**About this task:** Reproduce exactly the line with "To prevent the" and all the lines beneath it, stopping only at the end of the material.
───── Supplied material
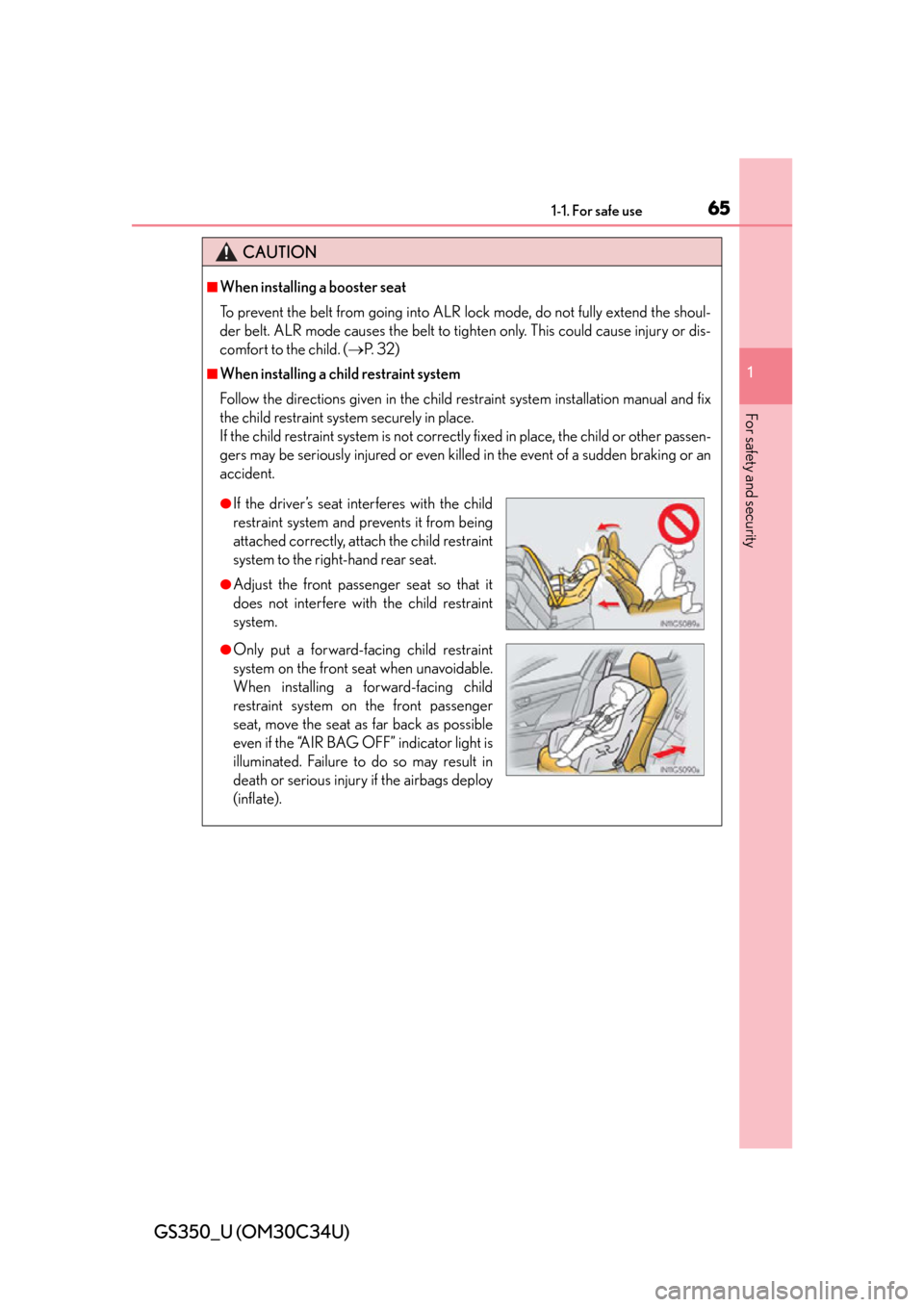 Lexus GS350 2013  Specifications / LEXUS 2013 GS350  (OM30C34U) Service Manual 651-1. For safe use
GS350_U (OM30C34U)
1
For safety and security
CAUTION
■When installing a booster seat 
To prevent the belt from going into ALR lock mode, do not fully extend the shoul-
der belt.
──────────
**Written answer:**
To prevent the belt from going into ALR lock mode, do not fully extend the shoul-
der belt.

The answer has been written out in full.